Durante este período, a atividade do banco manteve-se relativamente à prestação de colheitas para familiares, em situações específicas, bem como no que concerne à acreditação e validação do processo. 

Jorge Condeço assinalou também algumas das dificuldades com as quais o Banco se depara para a retoma da atividade, entre as quais se inclui a necessidade de adquirir novos reagentes e também a aquisição de sacos de colheita que não existem na Comunidade Europeia e “temos que mandar vir da Suíça, onde está o fornecedor. O que acontece é que temos imensas dificuldades em mandar vir os sacos porque é extracomunitário”. 

Atualmente, o Banco Público de Células do Cordão Umbilical tem criopreservadas 400 amostras. Estas podem ser armazenadas por cerca de vinte anos, mantendo todas as características.

Sobre a importância da existência do banco público, e a diferença para os bancos privados, Jorge Condeço sintetizou: “O banco público tem uma questão fundamental, que é a questão da dádiva. De colocarmos ali potencialmente algo que pode ser útil para outro. É uma dádiva benévola, altruísta e voluntária”.

O que é o Banco Público de Células do Cordão Umbilical

Criado em 2009, através do Despacho n.º 14879/2009 de 2 de julho, o Banco Público de Células do Cordão Umbilical está atualmente integrado no Instituto Português do Sangue e da Transplantação (IPST). 

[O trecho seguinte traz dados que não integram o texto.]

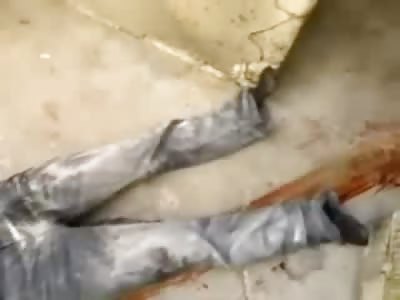 Head Shot....Man with Eye Blown out takes his Last Breath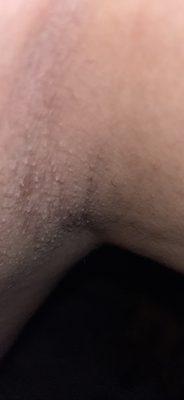 Hair left on left underarm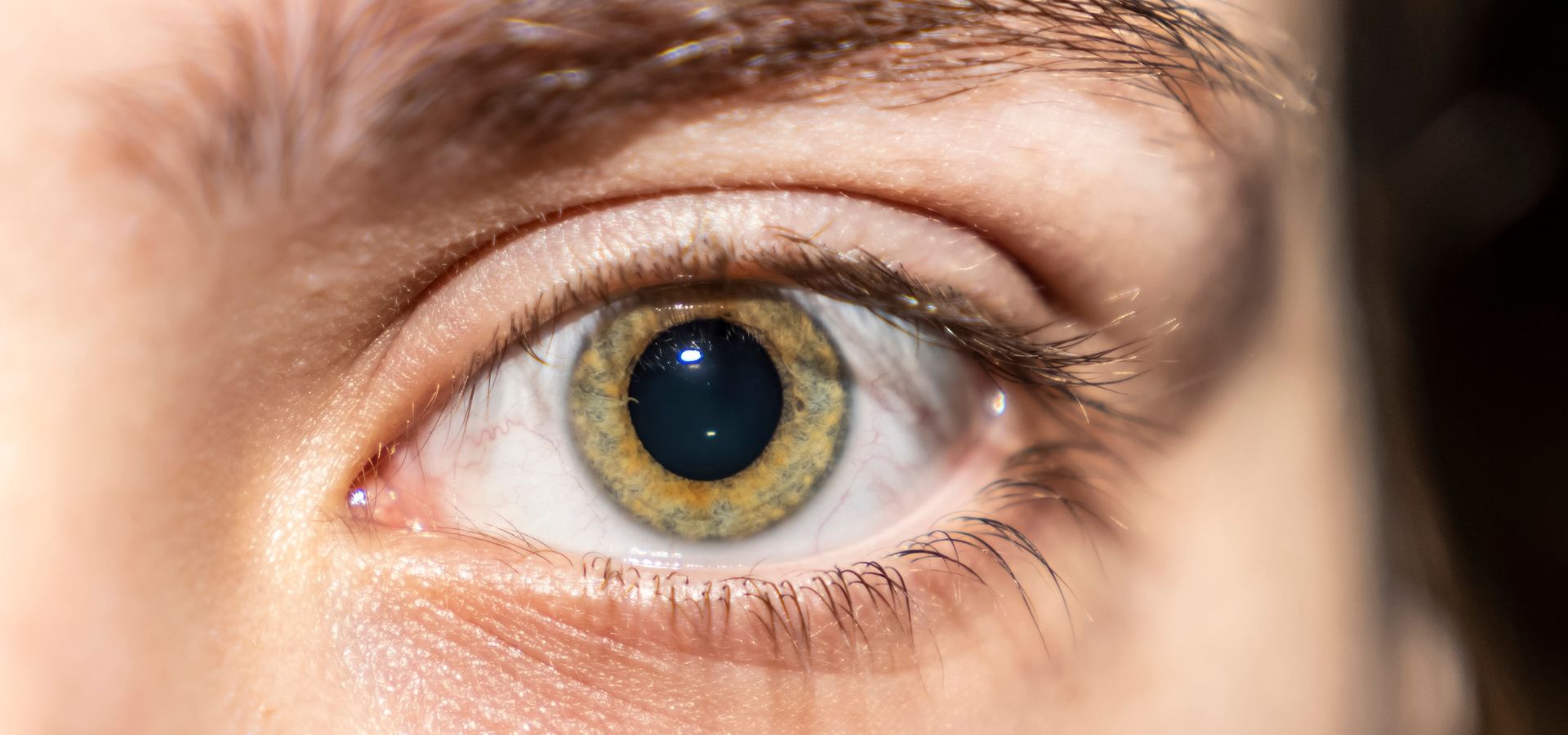 La midriasis puede ser la primera señal de alerta que envía el cuerpo sobre una condición que requiere atención inmediata.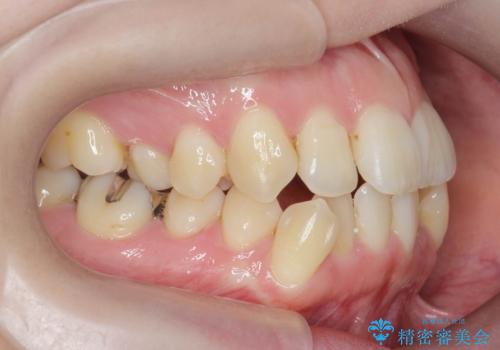 前歯のがたつき すれ違い咬合のマウスピース矯正治療の治療前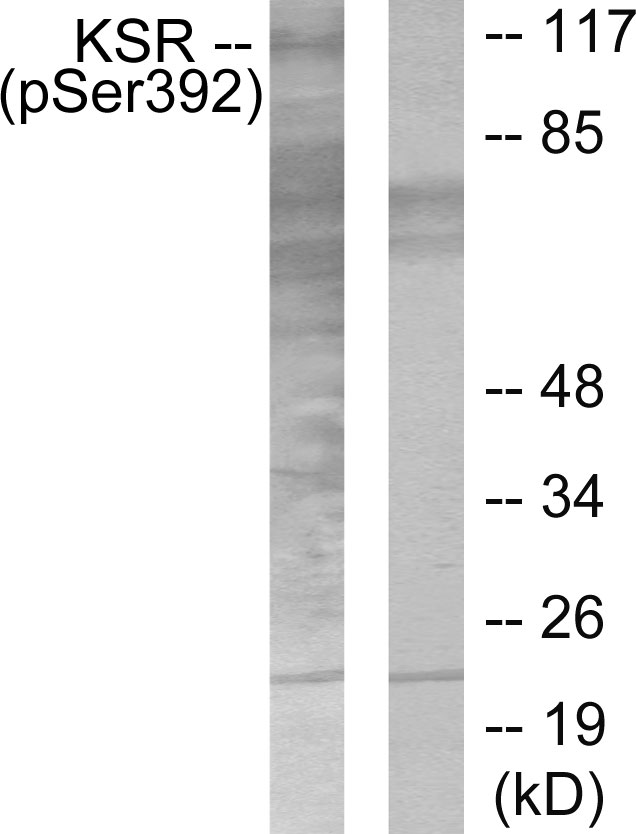 KSR Antibody (Phospho-Ser392) (OAAF07333) in HepG2 using Western Blot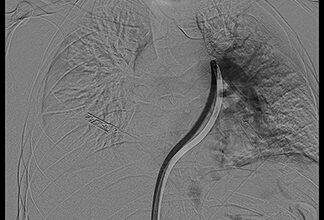 تقنية متقدمة تنقذ حياة مريض بمجمع الدمام الطبي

Este é um banco público que efetua à receção, análise, processamento, criopreservação e distribuição de dádivas benévolas e altruístas de sangue do cordão umbilical .

Neste momento, trabalham a tempo inteiro no Banco Público um médico, dois técnicos superiores de diagnóstico e terapêutica e um assistente operacional a tempo inteiro. A tempo parcial estão três enfermeiros e dois técnicos superiores de diagnóstico e terapêutica.

Desde a sua fundação, o Banco Público de Células do Cordão Umbilical sempre se deparou com muitas dificuldades de financiamento, repercutindo-se, naturalmente, na sua capacidade de resposta e funcionamento.